Synchrotron-radiation-based X-ray fluorescence was applied to the elemental microimaging of neoplastic tissues in cases of various types of brain tumors. The following cases were studied: glioblastoma multiforme, gemistocytic astrocytoma, oligodendroglioma, anaplastic oligodendroglioma, ganglioglioma, fibrillary astrocytoma, and atypical transitional meningioma. Apart from neoplastic tissue, the analysis included areas of tissue apparently without malignant infiltration. The masses per unit area of P, S, Cl, K, Ca, Fe, Cu, Zn, Br, and Rb were used to construct a diagnostic classifier for brain tumors using multiple discriminant analysis. It was found that S, Cl, Cu, Fe, K, Br, and Zn are the most significant elements in the general discrimination of tumor type.
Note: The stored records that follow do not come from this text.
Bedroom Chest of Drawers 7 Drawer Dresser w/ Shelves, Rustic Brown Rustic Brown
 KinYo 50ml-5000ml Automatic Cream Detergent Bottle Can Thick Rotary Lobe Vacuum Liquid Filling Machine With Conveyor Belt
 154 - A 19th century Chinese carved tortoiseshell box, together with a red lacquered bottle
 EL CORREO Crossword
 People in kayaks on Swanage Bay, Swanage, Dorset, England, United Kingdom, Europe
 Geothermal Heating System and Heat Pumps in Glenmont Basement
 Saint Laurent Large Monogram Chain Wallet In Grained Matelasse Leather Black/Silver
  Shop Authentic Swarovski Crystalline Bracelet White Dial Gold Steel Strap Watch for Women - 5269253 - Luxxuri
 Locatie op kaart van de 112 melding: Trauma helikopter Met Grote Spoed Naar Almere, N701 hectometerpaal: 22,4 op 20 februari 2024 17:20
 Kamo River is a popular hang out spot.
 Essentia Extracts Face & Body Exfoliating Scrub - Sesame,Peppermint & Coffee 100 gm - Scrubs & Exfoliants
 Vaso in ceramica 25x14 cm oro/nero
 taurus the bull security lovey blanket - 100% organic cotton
The highest similarity in elemental composition was between atypical transitional meningioma and fibrillary astrocytoma. The smallest differentiation was between glioblastoma multiforme and oligodendroglioma. The mean percentage of correct classifications, estimated according to the a posteriori probabilities procedure, was 99.9%, whereas the mean prediction ability of 87.6% was achieved for ten new cases excluded previously from the model construction. The results showed that multiple discriminant analysis based on elemental composition of tissue may be a potentially valuable method assisting differentiation and/or classification of brain tumors.